He walked through the night, past nervous villagers who gathered at the great dividing road and stared towards the Wall, where the immense booming sounded like the world itself being pounded to dust. The ground could be felt to shake a long way away.
When the first piece of wall broke off and fell, Anfen felt a rush of wind pass overhead, cold or hot from one instant to the next. Like most, Anfen could not see the glimmering shades of magic in the sky, so he did not see the rush of foreign magic force pouring into Levaal’s northern half, and he did not see the native magic pouring out. Nor did he see Arch Mage’s huge Engineer-built airships parked in the sky some way west, built specially to collect as much of the new force as they could, raw and crude before it mixed with Northern Levaal’s airs.
Nor did Anfen care any longer what might or might not happen, to him or the world. He finally understood how little he mattered, which was an enormous relief. All that mattered was the road he now had to walk. It would take some time. Now and then he would fall inert by the roadside, body simply refusing another step. He’d wake, find food, even if it was just a mouthful of leaves and roots, enough to keep him going to the destination he knew he deserved.
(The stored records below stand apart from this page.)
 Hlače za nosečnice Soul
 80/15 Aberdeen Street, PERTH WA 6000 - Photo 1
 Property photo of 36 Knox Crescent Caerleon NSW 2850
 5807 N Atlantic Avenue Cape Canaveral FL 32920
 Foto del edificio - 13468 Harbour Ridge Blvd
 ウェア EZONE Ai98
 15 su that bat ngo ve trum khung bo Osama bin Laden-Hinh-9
Most he passed on the great dividing road, seeing the look in his eye, kept out of his way.
With the crowds of locals — some from nearby High Cliffs, some from as far afield as Tanton — Eric, Loup, and Siel watched with disbelief what seemed to be parts of the sky itself breaking off and falling down.
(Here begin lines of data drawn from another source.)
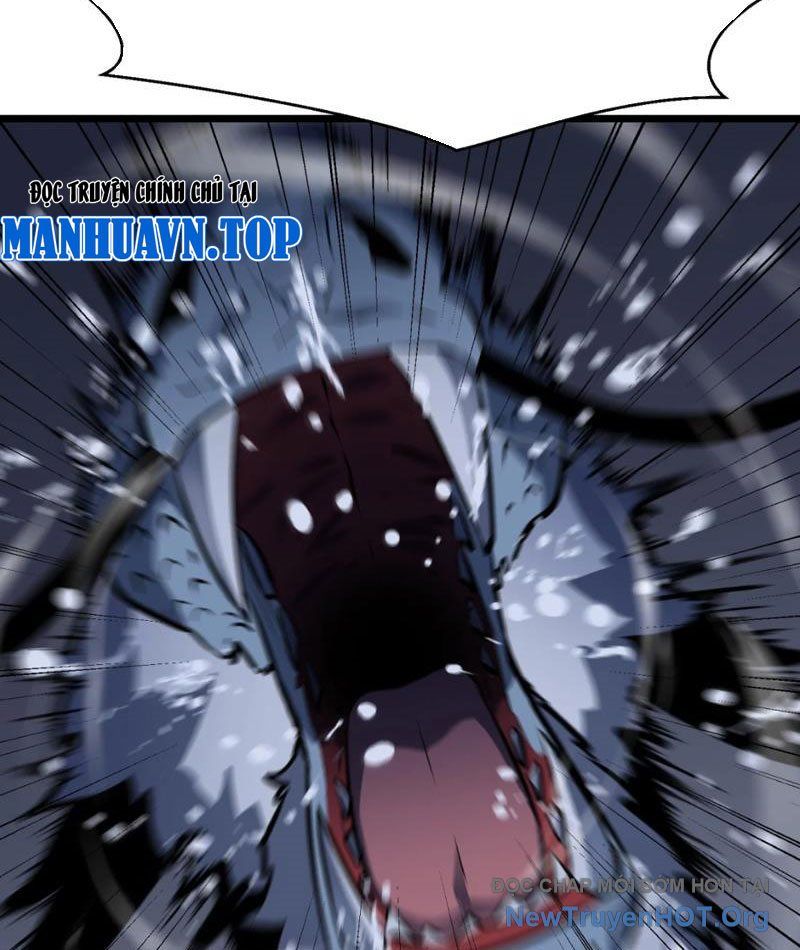 page_106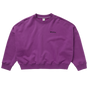XS / Sunset Purple product image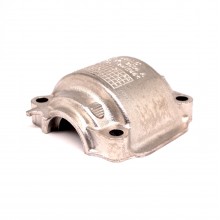 Поддон картера STIHL MS 170/180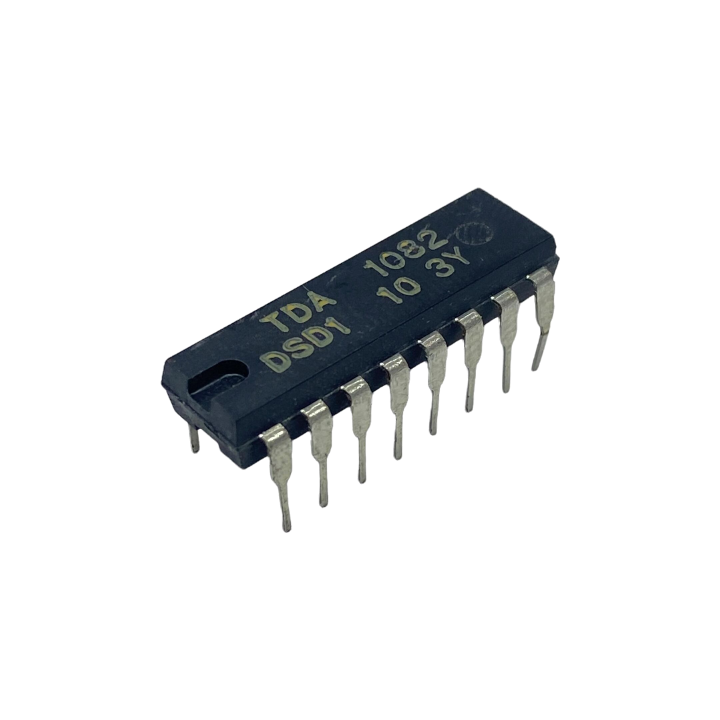 TDA1082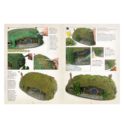 Games Workshop Middle Earth Scouring Of The Shire™ (Englisch) 2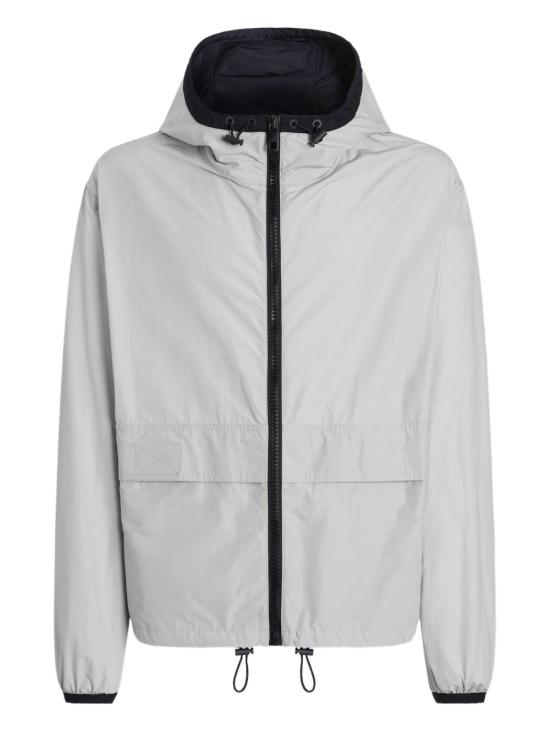 26SS 돌체앤가바나 자켓 G9CBLTHUMWK M0633 Pergamena scuro 1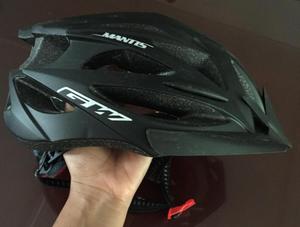 VENDO CASCO PARA BICICLETA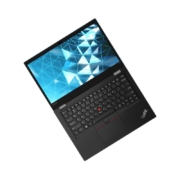 联想ThinkPad S2锐龙版R5 13.3英寸高色域商务触控屏笔记本电脑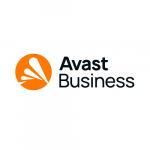 Avast Business Premium Remote Control, New electronic licence, 2 year, 1 unlimited concurrent session | Avast | Business Premium Remote Control | New electronic licence | 2 year(s) | RCDU.0.24M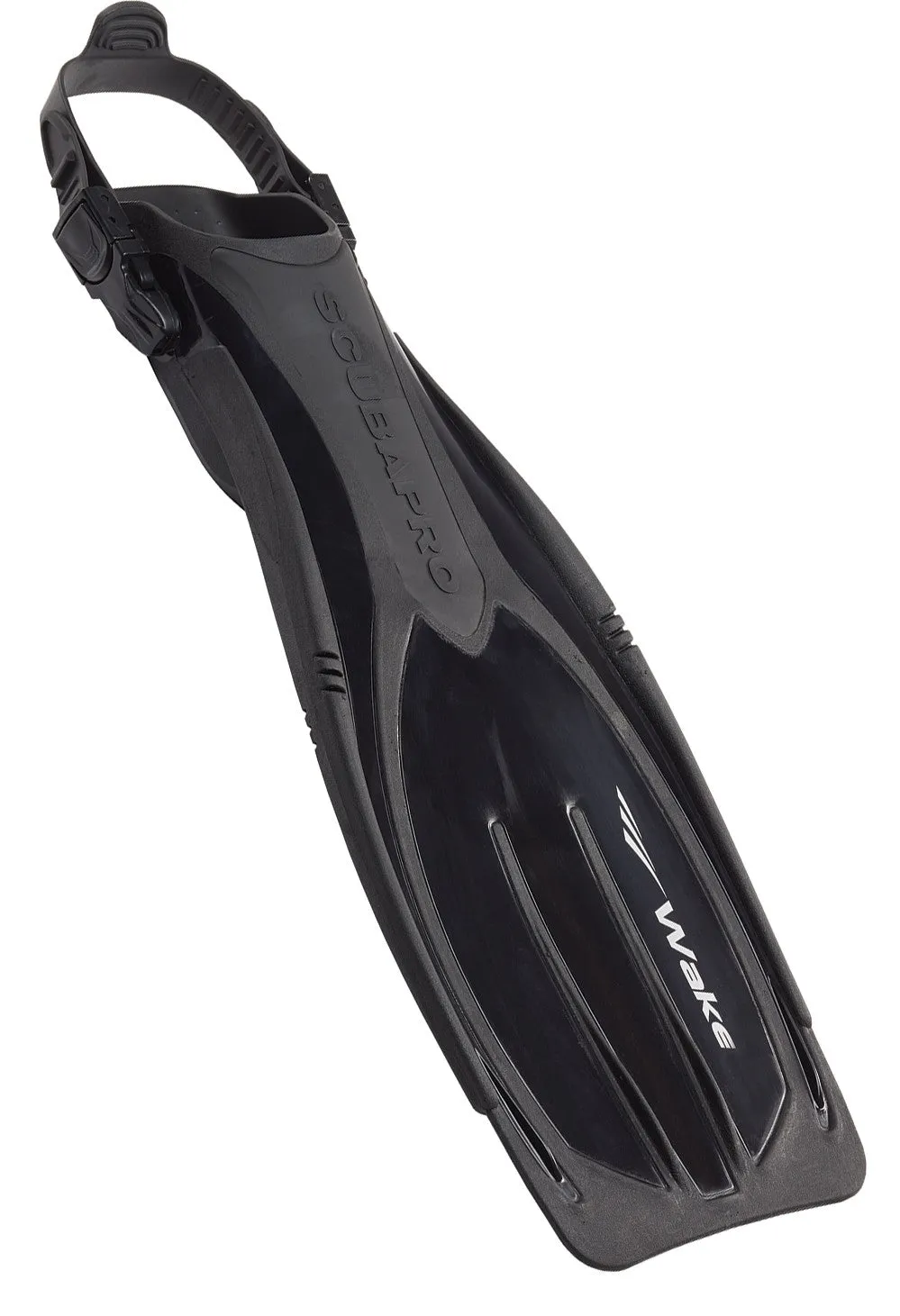 SCUBAPRO Wake Fin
When clouds of foreign magic blew in through the higher gaps, Loup cursed loudly. ‘I ain’t going near any of that!’ he cried. ‘News to me, whatever it is, but I don’t like the look of it at all. I’ll be at Faifen, dead air or no. Away from the windows, mind.’ He turned his horse, riding it away at a gallop.
Through larger holes, the foreign sky beyond was revealed. As night fell, little could be discerned through it — there were glimpses of hazy red colour, like distant fires, but mostly just the gloom of night. ‘He did it,’ Siel said for the tenth time, her voice no less disbelieving.
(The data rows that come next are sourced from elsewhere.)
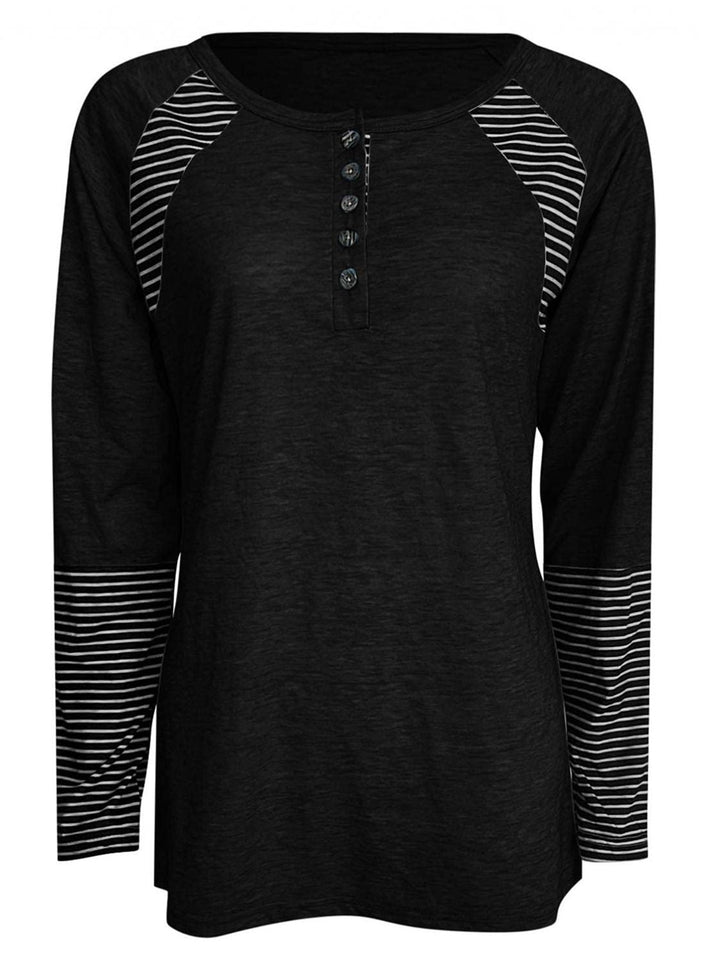 Levoire | Pull Confortable Et Mode Hiver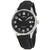 Fortis Pilot Classic Automatic Black Dial Mens Watch 902.20.41LP.10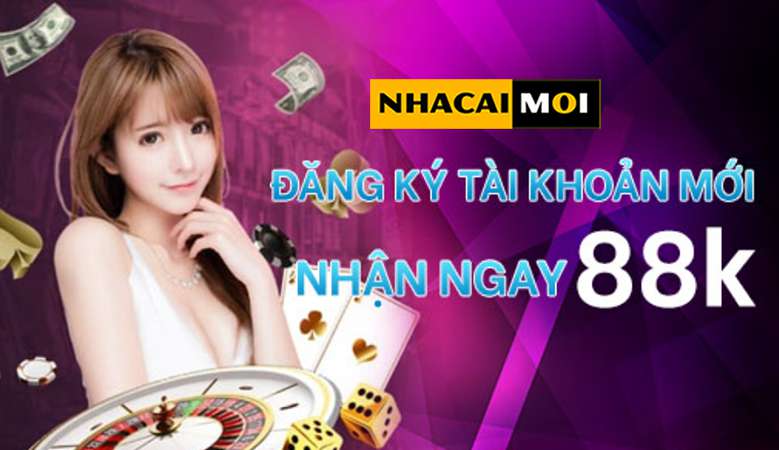 Đánh giá chi tiết và toàn diện nhất về trang web game cấp độ Ee88 - Ee88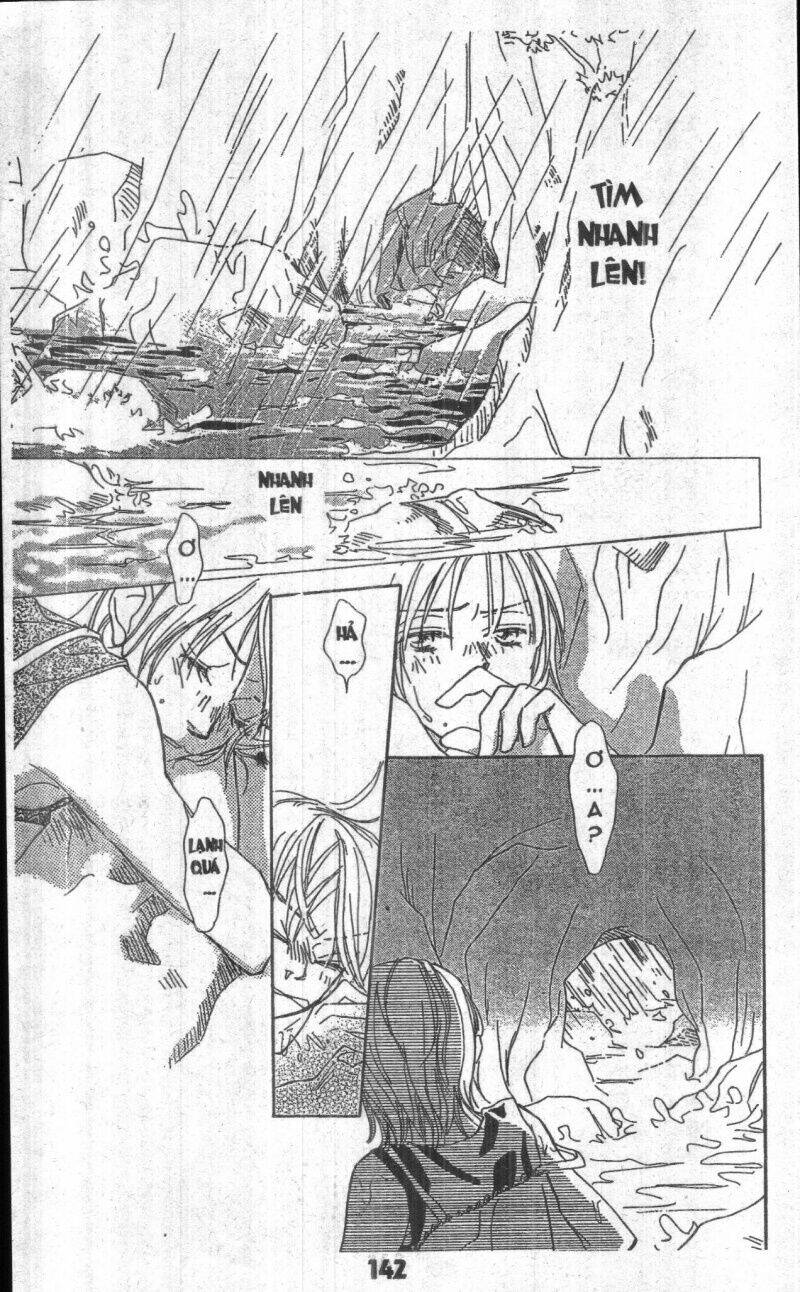 sweet mission chapter 2 141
Sharfy, from the window of his inn, said the very same thing. He was quite drunk with ale — had indeed spent a fine evening trading tales with an old High Cliffs veteran in the pub downstairs — but he knew he saw sights real enough. When a broken piece of wall landed in the inn’s yard, smashing down on a wagon parked out front, he quickly packed his things and rode north as fast as he could. He did not know: was this a victory for the Free World, or were they now caught in a vice crushing from north and south?
By the roadsides, camps of watchers became a common sight as people stared, mostly in silence, at a dramatically changing horizon.